= Madakhel =

Tribe in Pakistan

Madakhel is a Pakhtoon (or Pashtoon; Pashtun) tribe hailing from Khyber Pakhtoonkhwa province formerly known as Northwest Frontier Province of Pakistan. Specifically, it is a subdivision of the Isazai clan within the larger Yousafzai tribe. The Yousafzai tribe is widely recognized as one of the largest, most important and powerful of the Pathan tribes. Military historian Colonel Harold Carmichael Wylly offers a personal perspective on the vast Yousafzai tribe, stating:

"The Yousafzai is an agriculturist, generally a fine, well-limbed man of a good physique and appearance with great deal of race-pride, well dressed and cheery, while his hospitality is proverbial".

==History==

The Madakhels are from the family of The Black Mountain (Tor Ghar) Tribes. They are a division of the Isazai clan of the Yousafzai tribe. Madakhels are the descendants of Mada the son of Isa (Isazai) and the grandson of Yusuf/Yousaf/(Yousafzai). The Madakhels are further divided into four Sections; each Section having two or more sub-sections.

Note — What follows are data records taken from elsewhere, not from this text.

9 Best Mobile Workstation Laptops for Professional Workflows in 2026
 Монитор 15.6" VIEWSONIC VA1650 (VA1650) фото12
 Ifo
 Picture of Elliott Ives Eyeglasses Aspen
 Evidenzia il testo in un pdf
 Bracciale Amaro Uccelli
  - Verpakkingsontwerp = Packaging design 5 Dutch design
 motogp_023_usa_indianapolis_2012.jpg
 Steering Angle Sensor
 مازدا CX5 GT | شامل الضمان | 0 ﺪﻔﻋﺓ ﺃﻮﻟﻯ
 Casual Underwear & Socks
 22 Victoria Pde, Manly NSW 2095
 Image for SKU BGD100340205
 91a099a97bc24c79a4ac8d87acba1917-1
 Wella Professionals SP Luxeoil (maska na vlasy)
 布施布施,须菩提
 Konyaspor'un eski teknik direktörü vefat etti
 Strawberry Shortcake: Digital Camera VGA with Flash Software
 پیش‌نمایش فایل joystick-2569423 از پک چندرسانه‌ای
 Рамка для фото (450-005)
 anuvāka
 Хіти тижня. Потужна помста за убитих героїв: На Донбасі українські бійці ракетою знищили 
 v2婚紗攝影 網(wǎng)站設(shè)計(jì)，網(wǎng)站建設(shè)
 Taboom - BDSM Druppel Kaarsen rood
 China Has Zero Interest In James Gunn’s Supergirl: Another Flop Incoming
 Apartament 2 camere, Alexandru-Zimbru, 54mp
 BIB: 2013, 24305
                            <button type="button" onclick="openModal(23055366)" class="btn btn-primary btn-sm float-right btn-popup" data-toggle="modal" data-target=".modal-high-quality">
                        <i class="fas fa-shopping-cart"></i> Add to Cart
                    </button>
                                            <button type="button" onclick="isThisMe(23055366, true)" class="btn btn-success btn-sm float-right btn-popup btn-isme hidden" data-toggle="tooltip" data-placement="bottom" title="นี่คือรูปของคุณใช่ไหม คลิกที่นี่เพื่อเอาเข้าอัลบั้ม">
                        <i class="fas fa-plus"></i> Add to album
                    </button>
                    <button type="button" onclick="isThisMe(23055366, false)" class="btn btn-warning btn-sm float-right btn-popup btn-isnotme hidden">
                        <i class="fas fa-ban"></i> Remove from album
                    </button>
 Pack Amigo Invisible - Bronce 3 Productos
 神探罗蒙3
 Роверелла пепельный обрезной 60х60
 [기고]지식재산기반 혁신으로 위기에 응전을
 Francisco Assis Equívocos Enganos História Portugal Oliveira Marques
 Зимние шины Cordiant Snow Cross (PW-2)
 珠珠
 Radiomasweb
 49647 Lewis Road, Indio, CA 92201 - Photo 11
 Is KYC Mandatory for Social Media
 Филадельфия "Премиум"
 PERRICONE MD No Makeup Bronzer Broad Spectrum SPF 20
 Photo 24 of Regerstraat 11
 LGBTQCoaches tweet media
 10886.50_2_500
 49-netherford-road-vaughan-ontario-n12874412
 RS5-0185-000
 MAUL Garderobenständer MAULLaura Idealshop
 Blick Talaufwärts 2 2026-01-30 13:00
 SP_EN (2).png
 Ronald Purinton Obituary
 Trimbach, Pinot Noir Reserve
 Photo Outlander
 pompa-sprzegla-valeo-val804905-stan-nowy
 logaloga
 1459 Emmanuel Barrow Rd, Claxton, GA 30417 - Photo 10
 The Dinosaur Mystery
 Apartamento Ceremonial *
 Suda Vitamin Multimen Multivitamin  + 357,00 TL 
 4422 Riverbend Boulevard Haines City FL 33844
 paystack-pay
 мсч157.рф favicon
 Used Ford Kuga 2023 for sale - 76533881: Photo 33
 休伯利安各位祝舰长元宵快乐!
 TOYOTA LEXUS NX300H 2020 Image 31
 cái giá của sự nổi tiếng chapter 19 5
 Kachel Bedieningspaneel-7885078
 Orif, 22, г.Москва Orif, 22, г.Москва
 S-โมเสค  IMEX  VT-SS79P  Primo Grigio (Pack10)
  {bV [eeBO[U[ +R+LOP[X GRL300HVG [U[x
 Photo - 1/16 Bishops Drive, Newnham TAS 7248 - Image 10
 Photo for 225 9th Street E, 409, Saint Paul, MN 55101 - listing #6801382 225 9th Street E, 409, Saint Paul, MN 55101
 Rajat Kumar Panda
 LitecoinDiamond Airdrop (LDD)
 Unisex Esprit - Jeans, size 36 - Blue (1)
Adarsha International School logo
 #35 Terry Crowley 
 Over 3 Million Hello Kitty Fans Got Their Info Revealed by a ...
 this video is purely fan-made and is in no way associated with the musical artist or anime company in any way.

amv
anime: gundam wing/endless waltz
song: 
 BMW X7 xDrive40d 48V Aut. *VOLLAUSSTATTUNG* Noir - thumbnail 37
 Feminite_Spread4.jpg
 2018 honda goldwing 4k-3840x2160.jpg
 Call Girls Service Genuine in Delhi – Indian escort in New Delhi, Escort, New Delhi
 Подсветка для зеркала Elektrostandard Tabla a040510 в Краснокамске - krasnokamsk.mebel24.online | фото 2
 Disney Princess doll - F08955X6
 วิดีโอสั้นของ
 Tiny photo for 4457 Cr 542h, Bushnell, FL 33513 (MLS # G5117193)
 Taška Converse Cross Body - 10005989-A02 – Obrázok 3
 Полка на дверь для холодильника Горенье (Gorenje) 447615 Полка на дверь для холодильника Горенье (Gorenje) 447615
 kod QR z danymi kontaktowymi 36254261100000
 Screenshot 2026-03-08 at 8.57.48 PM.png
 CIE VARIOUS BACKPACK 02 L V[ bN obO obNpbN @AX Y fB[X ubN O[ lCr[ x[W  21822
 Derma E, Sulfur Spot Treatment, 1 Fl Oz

==Sections and sub-sections==
| Sub Clan | Section | Sub-section (Khel) |
| Madakhel | Hasanbaz Khel | Badu Khel, Bara Khel and Gunda Khel |
| | Bazid Khel | Alrabi Khel and Tota Khel |
| | Hassan Khel | Bin Khel, Said Ali Khel and Sultan Khel |
| | Mada Nama | |

==Geography==

Madakhels are among the dwellers on the Tor Ghar. Madakhel country is on the northern slopes of the Mahaban Mountain down to the right bank of the Indus and is bounded on the north by the Hassanzais, on the east by the Indus, on the south and west by the Tanolis and Amazais. Most of the villages are on Mahaban Mountain, with two on the banks of the Indus. The easiest approaches to Madakhel territory pass through Hassanzai territory.

==Culture and traditions==

Like other Pashtoons, Madakhels maintained their cultural identity and individuality. They lead their lives in accordance with code of ethics of Pashtunwali, which combines Manliness, Goodness, Gallantry, Loyalty and Modesty. Madakhels have also maintained the Pashtoon customs of Jirga (Consultative Assembly), Nanawati (Delegation pleading guilty), Hujhra (Large drawing room) and Melmastya (Hospitality).

==Language==

Pushto is the basic language of Madakhels. Living away from urban centres and having less interaction with people from other languages, Madakhels speak purest form of Pushto. Due to migrations for better prospects of life and marriages in non-Pushtoon families, some Madakhels adopted other languages such as Hindko and Urdu.

==Creation of Tor Ghar District==

On 28 January 2011, Tor Ghar became the 25th district of Khyber Pakhtoonkhwa. Judba is the district headquarters of this newly born district with following tehsils:-
- Judba
- Kandar Hassanzai
- Daur Mera

Most of the Mada Khel areas come under the Daur Mera tehsil.